--- Material provided ---

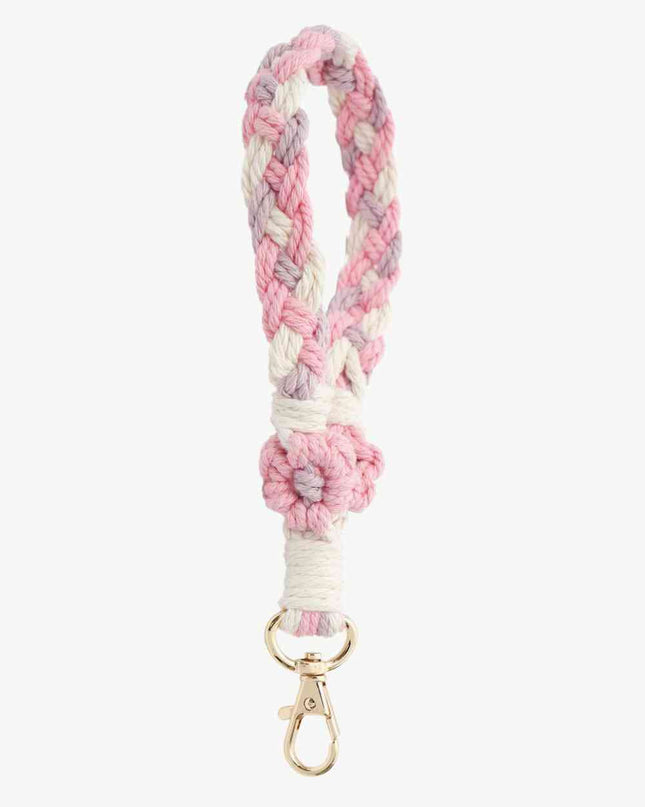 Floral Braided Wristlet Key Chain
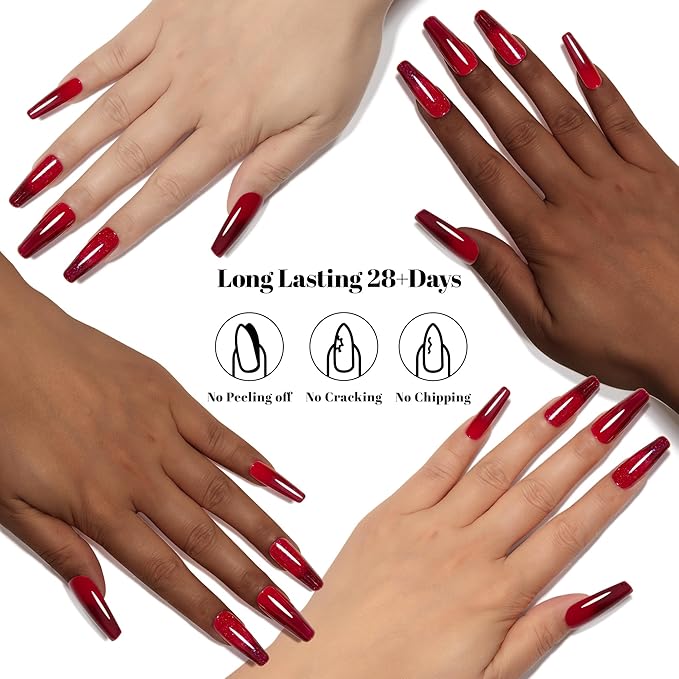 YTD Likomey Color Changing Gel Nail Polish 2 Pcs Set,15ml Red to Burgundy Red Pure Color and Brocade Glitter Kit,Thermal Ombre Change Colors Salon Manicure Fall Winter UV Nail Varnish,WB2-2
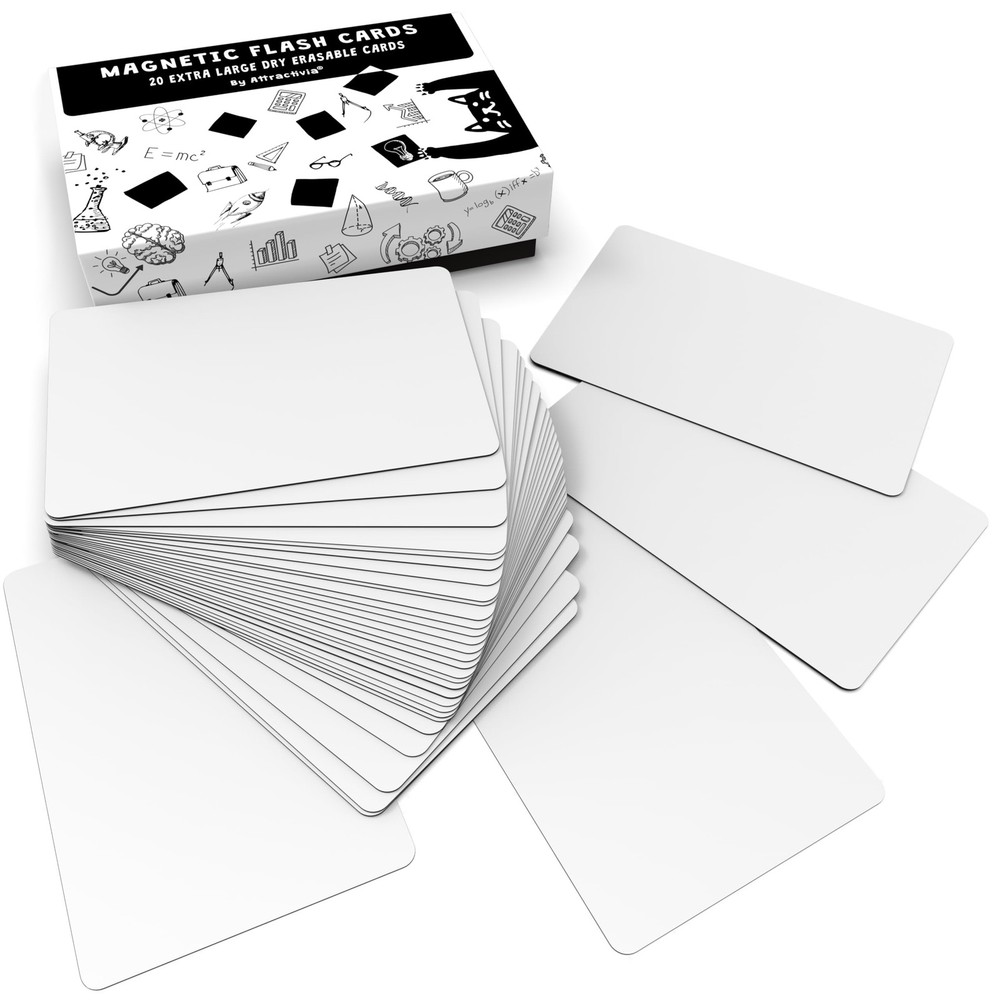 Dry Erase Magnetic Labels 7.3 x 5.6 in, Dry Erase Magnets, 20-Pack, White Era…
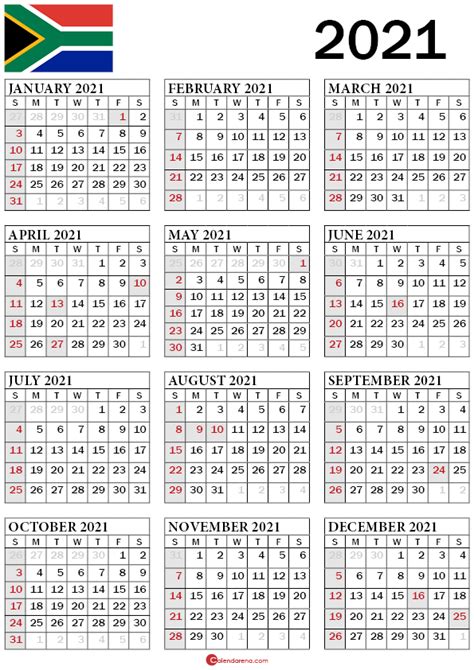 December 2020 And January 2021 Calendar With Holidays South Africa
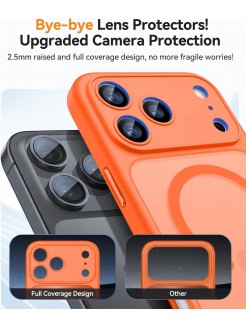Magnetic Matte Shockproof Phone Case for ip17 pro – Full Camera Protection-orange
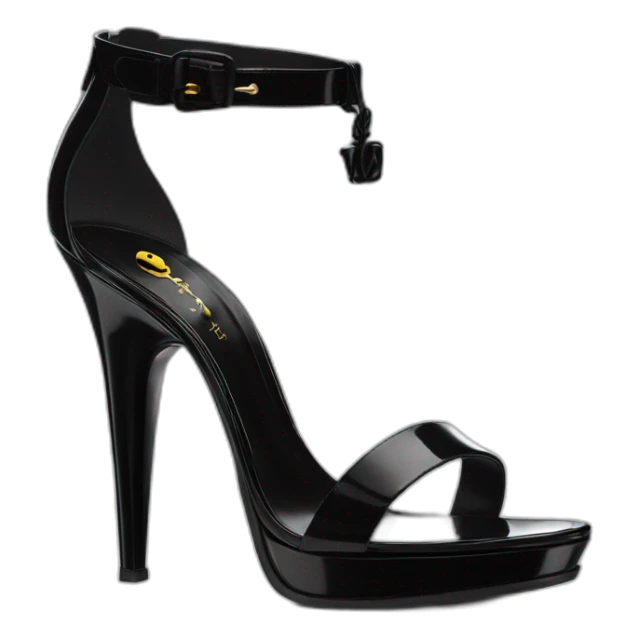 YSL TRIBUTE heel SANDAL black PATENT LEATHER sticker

---
--- Material provided ---

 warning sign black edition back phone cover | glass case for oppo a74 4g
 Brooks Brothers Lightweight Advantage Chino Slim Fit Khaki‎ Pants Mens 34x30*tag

---

» How to complete this task: In the data above, take the line with "December 2020 And", the line with "YSL TRIBUTE heel", and every line between, and set them down exactly without pictures.

» The answer:
 December 2020 And January 2021 Calendar With Holidays South Africa
Magnetic Matte Shockproof Phone Case for ip17 pro – Full Camera Protection-orange
 YSL TRIBUTE heel SANDAL black PATENT LEATHER sticker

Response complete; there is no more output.